Möglichst schnell und oberflächlich
Die Welt der CEOs oder von solchen, die es werden wollen, kannte er von seiner Zeit bei «Cash daily», wo er einst zwei Jahre als Videojournalist gearbeitet hatte. Und jetzt löste sein HSG-Film vor allem auch in den Wirtschaftsressorts ein grosses Echo aus. In der NZZ meldete sich der einstige Wirtschaftschef Gerhard Schwarz höchstpersönlich aus dem Ruhestand, um dem Film «trotz einiger Differenziertheit» vorzurechnen, er sei «zu wenig neutral». Und bei «Inside Paradeplatz» mochte Lukas Hässig gar nicht erst auf den Film warten. Der Trailer reichte ihm schon für schiefe Urteile («Banalität auf Superliga-Stufe»), womit er unfreiwillig selbst den HSG-Geist verkörperte, den zwei Studenten im Film explizit problematisieren: In die Tiefe gehen? Geht nicht, hier werde man darauf gedrillt, alles möglichst schnell und also auch oberflächlich zu erledigen.
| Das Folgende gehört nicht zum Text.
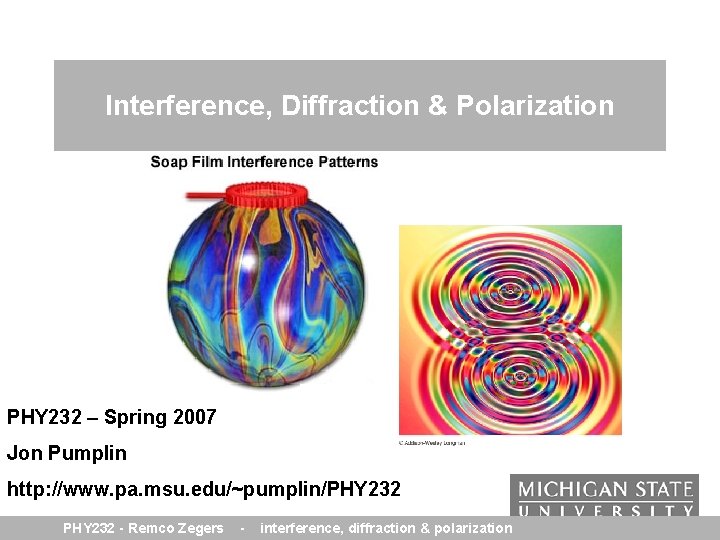 Interference, Diffraction & Polarization PHY 232 – Spring 2007 Jon Pumplin http: //www. pa.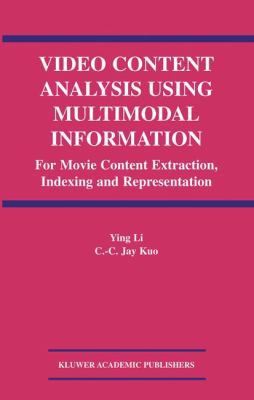 Video Content Analysis Using Multimodal Informa... 1402074905 Book Cover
Die für Baumgartner irritierendste Reaktion kam jedoch von der HSG selber. Kaum war der Trailer im Netz, habe die HSG «unglaublich Druck gemacht», sagt er. «Dabei ist das eine öffentliche Institution mit einem öffentlichen Auftrag, finanziert mit öffentlichen Geldern – die müsste doch offen sein für eine Diskussion über ihre gesellschaftliche Verantwortung.» Zumal man dem Film nicht vorwerfen kann, dass er der HSG oder ihren Studierenden übertrieben kritisch begegnen würde. «The Driven Ones» mag nicht die Demontage sein, die sich manche vielleicht erhofft hatten, aber es sind die beiläufigen Momente, die hängen bleiben. Etwa, wenn ein Student über das Riesenpuff sagt, das nach einer Marketingübung zurückbleibt: Das müsse jetzt nicht ihre Sorge sein. Aufräumen? Müssen immer die anderen.
«The Driven Ones» läuft jetzt im Kino.